_Problem:_
Please reproduce each line of the data below exactly as shown.

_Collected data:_
================
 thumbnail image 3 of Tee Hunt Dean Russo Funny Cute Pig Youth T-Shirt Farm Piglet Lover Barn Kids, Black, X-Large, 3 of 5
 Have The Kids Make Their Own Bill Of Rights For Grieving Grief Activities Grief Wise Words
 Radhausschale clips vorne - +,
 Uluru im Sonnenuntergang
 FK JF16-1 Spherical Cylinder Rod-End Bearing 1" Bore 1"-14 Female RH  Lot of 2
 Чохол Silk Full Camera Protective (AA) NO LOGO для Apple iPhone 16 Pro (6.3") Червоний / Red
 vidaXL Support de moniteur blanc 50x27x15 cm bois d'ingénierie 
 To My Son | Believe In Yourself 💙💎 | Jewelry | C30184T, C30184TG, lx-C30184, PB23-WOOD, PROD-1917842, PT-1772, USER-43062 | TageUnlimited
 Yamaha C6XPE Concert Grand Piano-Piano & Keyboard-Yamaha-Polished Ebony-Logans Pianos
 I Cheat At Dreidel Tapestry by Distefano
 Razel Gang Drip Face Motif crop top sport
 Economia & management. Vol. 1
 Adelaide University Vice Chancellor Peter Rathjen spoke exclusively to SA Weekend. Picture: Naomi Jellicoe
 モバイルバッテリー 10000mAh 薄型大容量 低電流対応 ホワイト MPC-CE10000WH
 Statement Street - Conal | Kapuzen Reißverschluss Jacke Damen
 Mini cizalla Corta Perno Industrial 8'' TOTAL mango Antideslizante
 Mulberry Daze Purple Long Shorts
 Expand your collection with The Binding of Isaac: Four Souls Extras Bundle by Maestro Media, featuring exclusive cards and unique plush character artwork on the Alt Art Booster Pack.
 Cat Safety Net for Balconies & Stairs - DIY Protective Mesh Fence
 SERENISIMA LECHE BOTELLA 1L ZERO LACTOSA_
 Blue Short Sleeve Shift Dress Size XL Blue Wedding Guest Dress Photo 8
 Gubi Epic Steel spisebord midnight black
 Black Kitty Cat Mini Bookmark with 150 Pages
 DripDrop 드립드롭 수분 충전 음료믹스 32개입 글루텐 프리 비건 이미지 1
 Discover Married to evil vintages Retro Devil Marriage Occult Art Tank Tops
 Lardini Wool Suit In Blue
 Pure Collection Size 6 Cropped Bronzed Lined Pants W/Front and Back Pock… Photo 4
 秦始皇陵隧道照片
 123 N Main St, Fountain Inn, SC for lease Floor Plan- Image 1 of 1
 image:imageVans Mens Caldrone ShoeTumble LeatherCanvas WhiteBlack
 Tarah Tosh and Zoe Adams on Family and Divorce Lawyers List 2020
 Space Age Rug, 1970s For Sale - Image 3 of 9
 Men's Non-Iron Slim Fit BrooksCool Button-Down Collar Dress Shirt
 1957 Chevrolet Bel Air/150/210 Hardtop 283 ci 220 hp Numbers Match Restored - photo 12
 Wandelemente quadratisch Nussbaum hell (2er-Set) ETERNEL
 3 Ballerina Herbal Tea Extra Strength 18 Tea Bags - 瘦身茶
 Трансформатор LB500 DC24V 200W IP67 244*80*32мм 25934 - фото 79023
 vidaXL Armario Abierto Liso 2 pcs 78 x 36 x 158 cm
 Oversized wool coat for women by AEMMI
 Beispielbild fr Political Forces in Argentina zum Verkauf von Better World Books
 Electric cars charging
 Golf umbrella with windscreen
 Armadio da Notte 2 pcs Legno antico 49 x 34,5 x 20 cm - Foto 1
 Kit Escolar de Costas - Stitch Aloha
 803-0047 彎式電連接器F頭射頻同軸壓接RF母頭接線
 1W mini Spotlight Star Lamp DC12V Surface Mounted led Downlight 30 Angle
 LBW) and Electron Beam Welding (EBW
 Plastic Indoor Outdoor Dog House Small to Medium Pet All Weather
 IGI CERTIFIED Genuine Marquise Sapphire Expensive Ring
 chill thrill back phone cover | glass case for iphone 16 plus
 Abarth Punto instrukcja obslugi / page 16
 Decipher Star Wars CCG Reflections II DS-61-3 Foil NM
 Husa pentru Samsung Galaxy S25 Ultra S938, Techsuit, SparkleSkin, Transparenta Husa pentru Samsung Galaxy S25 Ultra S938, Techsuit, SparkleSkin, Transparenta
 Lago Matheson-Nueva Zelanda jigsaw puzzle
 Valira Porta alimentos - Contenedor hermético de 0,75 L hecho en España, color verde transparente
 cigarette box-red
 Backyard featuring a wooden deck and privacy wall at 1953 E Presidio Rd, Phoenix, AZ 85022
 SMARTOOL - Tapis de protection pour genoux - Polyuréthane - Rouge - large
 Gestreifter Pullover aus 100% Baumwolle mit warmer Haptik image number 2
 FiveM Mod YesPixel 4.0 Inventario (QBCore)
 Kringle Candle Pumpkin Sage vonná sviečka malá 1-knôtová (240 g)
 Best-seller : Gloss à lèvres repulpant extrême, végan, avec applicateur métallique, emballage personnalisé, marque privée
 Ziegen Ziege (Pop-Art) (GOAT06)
================
_Exercise response:_
 thumbnail image 3 of Tee Hunt Dean Russo Funny Cute Pig Youth T-Shirt Farm Piglet Lover Barn Kids, Black, X-Large, 3 of 5
 Have The Kids Make Their Own Bill Of Rights For Grieving Grief Activities Grief Wise Words
 Radhausschale clips vorne - +,
 Uluru im Sonnenuntergang
 FK JF16-1 Spherical Cylinder Rod-End Bearing 1" Bore 1"-14 Female RH  Lot of 2
 Чохол Silk Full Camera Protective (AA) NO LOGO для Apple iPhone 16 Pro (6.3") Червоний / Red
 vidaXL Support de moniteur blanc 50x27x15 cm bois d'ingénierie 
 To My Son | Believe In Yourself 💙💎 | Jewelry | C30184T, C30184TG, lx-C30184, PB23-WOOD, PROD-1917842, PT-1772, USER-43062 | TageUnlimited
 Yamaha C6XPE Concert Grand Piano-Piano & Keyboard-Yamaha-Polished Ebony-Logans Pianos
 I Cheat At Dreidel Tapestry by Distefano
 Razel Gang Drip Face Motif crop top sport
 Economia & management. Vol. 1
 Adelaide University Vice Chancellor Peter Rathjen spoke exclusively to SA Weekend. Picture: Naomi Jellicoe
 モバイルバッテリー 10000mAh 薄型大容量 低電流対応 ホワイト MPC-CE10000WH
 Statement Street - Conal | Kapuzen Reißverschluss Jacke Damen
 Mini cizalla Corta Perno Industrial 8'' TOTAL mango Antideslizante
 Mulberry Daze Purple Long Shorts
 Expand your collection with The Binding of Isaac: Four Souls Extras Bundle by Maestro Media, featuring exclusive cards and unique plush character artwork on the Alt Art Booster Pack.
 Cat Safety Net for Balconies & Stairs - DIY Protective Mesh Fence
 SERENISIMA LECHE BOTELLA 1L ZERO LACTOSA_
 Blue Short Sleeve Shift Dress Size XL Blue Wedding Guest Dress Photo 8
 Gubi Epic Steel spisebord midnight black
 Black Kitty Cat Mini Bookmark with 150 Pages
 DripDrop 드립드롭 수분 충전 음료믹스 32개입 글루텐 프리 비건 이미지 1
 Discover Married to evil vintages Retro Devil Marriage Occult Art Tank Tops
 Lardini Wool Suit In Blue
 Pure Collection Size 6 Cropped Bronzed Lined Pants W/Front and Back Pock… Photo 4
 秦始皇陵隧道照片
 123 N Main St, Fountain Inn, SC for lease Floor Plan- Image 1 of 1
 image:imageVans Mens Caldrone ShoeTumble LeatherCanvas WhiteBlack
 Tarah Tosh and Zoe Adams on Family and Divorce Lawyers List 2020
 Space Age Rug, 1970s For Sale - Image 3 of 9
 Men's Non-Iron Slim Fit BrooksCool Button-Down Collar Dress Shirt
 1957 Chevrolet Bel Air/150/210 Hardtop 283 ci 220 hp Numbers Match Restored - photo 12
 Wandelemente quadratisch Nussbaum hell (2er-Set) ETERNEL
 3 Ballerina Herbal Tea Extra Strength 18 Tea Bags - 瘦身茶
 Трансформатор LB500 DC24V 200W IP67 244*80*32мм 25934 - фото 79023
 vidaXL Armario Abierto Liso 2 pcs 78 x 36 x 158 cm
 Oversized wool coat for women by AEMMI
 Beispielbild fr Political Forces in Argentina zum Verkauf von Better World Books
 Electric cars charging
 Golf umbrella with windscreen
 Armadio da Notte 2 pcs Legno antico 49 x 34,5 x 20 cm - Foto 1
 Kit Escolar de Costas - Stitch Aloha
 803-0047 彎式電連接器F頭射頻同軸壓接RF母頭接線
 1W mini Spotlight Star Lamp DC12V Surface Mounted led Downlight 30 Angle
 LBW) and Electron Beam Welding (EBW
 Plastic Indoor Outdoor Dog House Small to Medium Pet All Weather
 IGI CERTIFIED Genuine Marquise Sapphire Expensive Ring
 chill thrill back phone cover | glass case for iphone 16 plus
 Abarth Punto instrukcja obslugi / page 16
 Decipher Star Wars CCG Reflections II DS-61-3 Foil NM
 Husa pentru Samsung Galaxy S25 Ultra S938, Techsuit, SparkleSkin, Transparenta Husa pentru Samsung Galaxy S25 Ultra S938, Techsuit, SparkleSkin, Transparenta
 Lago Matheson-Nueva Zelanda jigsaw puzzle
 Valira Porta alimentos - Contenedor hermético de 0,75 L hecho en España, color verde transparente
 cigarette box-red
 Backyard featuring a wooden deck and privacy wall at 1953 E Presidio Rd, Phoenix, AZ 85022
 SMARTOOL - Tapis de protection pour genoux - Polyuréthane - Rouge - large
 Gestreifter Pullover aus 100% Baumwolle mit warmer Haptik image number 2
 FiveM Mod YesPixel 4.0 Inventario (QBCore)
 Kringle Candle Pumpkin Sage vonná sviečka malá 1-knôtová (240 g)
 Best-seller : Gloss à lèvres repulpant extrême, végan, avec applicateur métallique, emballage personnalisé, marque privée
 Ziegen Ziege (Pop-Art) (GOAT06)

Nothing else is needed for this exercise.